The event, and this lecture, were predicated on the prior proposal by the then-newly elected Democratic Party of Japan to create a "Japanese FCC," modeled on the one in the United States. The thinking behind the proposal seemed to be that it is inconsistent with the Japanese commitment to "free speech," guaranteed in its Constitution, for the media -- with its role as a check on the government -- to be regulated by that government (in the form of the Ministry of Interior and Communication). Thus, it was proposed that many of the Ministry's functions be transferred to an independent regulatory commission.
Given this background, and the inappropriateness of an American presuming to tell the Japanese government precisely what it ought to do, the lecture focused on description of the U.S. experience with media content regulation, the issues raised by those efforts, and how some of them have been resolved. Conclusions regarding the implications of this history for Japan were left to the audience.

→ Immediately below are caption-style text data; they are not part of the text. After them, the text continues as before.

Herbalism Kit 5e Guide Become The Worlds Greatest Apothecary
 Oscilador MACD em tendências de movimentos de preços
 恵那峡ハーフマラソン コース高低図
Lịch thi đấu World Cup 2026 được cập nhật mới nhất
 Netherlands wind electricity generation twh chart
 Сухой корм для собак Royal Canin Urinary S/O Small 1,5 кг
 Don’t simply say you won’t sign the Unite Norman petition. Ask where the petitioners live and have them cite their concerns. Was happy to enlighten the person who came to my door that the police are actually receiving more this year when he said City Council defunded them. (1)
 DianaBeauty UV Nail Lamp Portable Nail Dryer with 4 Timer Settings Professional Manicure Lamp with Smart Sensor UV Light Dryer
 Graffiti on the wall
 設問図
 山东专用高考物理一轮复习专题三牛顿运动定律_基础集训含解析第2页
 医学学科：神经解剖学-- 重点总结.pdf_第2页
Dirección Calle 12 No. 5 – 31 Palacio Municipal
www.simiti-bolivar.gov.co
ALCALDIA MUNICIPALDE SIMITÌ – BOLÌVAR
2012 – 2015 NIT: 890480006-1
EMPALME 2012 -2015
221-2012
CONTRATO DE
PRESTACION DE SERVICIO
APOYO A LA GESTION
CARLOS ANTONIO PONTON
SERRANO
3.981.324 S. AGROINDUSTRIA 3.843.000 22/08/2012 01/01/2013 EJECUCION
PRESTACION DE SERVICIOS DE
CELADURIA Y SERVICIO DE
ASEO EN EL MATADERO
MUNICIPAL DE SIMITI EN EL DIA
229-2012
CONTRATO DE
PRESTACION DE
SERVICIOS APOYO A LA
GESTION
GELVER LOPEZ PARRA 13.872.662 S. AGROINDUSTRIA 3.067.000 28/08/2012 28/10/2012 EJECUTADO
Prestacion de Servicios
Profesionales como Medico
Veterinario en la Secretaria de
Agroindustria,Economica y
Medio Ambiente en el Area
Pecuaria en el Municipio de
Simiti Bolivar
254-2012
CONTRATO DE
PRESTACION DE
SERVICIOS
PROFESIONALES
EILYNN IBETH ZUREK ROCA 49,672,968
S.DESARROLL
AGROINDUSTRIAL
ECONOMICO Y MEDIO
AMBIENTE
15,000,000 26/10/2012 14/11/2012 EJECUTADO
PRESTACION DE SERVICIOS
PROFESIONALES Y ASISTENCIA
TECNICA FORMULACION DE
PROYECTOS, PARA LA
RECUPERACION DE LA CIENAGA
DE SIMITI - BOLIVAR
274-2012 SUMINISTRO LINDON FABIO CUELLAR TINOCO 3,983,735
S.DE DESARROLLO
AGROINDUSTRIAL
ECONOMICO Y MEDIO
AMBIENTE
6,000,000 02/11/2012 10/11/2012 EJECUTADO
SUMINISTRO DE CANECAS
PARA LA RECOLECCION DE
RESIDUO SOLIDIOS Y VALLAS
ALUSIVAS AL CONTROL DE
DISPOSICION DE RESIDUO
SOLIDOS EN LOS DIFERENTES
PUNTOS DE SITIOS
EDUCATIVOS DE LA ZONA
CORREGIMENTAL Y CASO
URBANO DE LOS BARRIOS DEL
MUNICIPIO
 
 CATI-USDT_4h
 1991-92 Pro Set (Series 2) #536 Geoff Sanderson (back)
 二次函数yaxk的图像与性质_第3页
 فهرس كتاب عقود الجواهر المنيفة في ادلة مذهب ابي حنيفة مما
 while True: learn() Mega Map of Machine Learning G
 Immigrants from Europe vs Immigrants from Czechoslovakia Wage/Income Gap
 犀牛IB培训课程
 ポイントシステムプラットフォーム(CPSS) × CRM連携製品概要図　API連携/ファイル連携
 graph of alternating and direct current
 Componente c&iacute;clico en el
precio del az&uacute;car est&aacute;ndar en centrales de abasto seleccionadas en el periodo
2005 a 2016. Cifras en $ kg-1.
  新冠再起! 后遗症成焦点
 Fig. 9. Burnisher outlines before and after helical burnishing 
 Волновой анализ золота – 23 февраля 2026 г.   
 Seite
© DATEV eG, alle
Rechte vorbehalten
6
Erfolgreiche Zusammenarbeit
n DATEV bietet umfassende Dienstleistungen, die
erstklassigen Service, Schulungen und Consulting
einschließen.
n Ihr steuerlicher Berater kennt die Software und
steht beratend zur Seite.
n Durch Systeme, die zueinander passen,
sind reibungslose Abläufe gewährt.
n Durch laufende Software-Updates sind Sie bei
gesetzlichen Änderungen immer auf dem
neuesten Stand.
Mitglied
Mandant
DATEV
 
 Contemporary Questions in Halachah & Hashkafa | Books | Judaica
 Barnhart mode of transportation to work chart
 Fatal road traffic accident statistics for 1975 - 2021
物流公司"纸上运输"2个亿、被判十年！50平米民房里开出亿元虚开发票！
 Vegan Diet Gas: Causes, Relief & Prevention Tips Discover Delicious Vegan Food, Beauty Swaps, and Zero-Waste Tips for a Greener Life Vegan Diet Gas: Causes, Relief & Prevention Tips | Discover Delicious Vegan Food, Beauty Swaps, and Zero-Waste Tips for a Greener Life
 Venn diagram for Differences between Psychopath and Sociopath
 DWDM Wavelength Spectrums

(See "Handout" for participants on that occasion, below; made available to them in both English and Japanese.)
Sample References: Shinji Uozumi,
The Short Life of Japanese FCC: Social and Legal Origins of the Radio Regulatory
Commission (1995) (available in both English and Japanese editions)
Nicholas Johnson (available
online from Web site, and as chapters in Your Second Priority (2008)):
“An Autonomous Media;” “Jefferson on the Internet;” “Sailing Shark-Infested
Waters: A Map for Media Literacy;” “Forty Years of Wandering in the Wasteland;”
“With Due Regard for the Opinions of Others;” “The Media Barons and the
Public Interest: An FCC Commissioner’s Warning;” “Media as Politics: What’s
a Voter to Do?”, the book Nicholas Johnson, How to Talk Back to Your
Television Set (English: Little, Brown; Bantam; Japanese: Diamond;
1970), and “A Day in the Life: The Federal Communications Commission,”
Yale Law Journal, 82 Yale L.J. 1575 (1973).
Thank you very much for the honor of this invitation to spend some time with you.
What brings us together today is the DPJ’s proposal that, because one of the media’s responsibilities is to report on the government, it is inappropriate for the government to be regulating the media. Would a Japanese model of the U.S. FCC – an “independent regulatory commission” – be better than the Ministry?
There is much that we Americans can learn from you about the role and regulation of the media. Over the years I have always benefitted from my trips to Japan.
But there is little that an American former FCC commissioner can provide you as “advice.” How Japan should regulate its media is a challenge that can only be resolved by you: representatives of Japanese universities, media, ministries, and the Diet.
Indeed, as Professor Uozumi has explained in his great work, Japan has already tried an American-style FCC, in 1950. The government abolished it two years later.
All I can do with my 15 minutes today is share a sampling of my experience with, and opinions about, how the United States has identified and resolved the questions of media power. If you want more, I have written for this occasion a much longer English-language draft with references, posted on my Web page.
Mass media influence virtually every aspect of Americans’ lives and society – our culture and values, economy, military adventures, nutrition, popularity of sports and music, health, even our hair styles, clothing fashions, and more.
Today that media content is not limited to hard copy newspapers and broadcasting stations. It may come from the Internet to a laptop, handheld computer, or smart phone. It may be on CDs, DVDs or a videogame. However, radio and TV are still very much with us.
The media also have an enormous impact on politics, public opinion and governing: the ideologies information and opinions we have, the legislation that can be proposed and adopted, and what citizens think about the elected officials for whom they can vote.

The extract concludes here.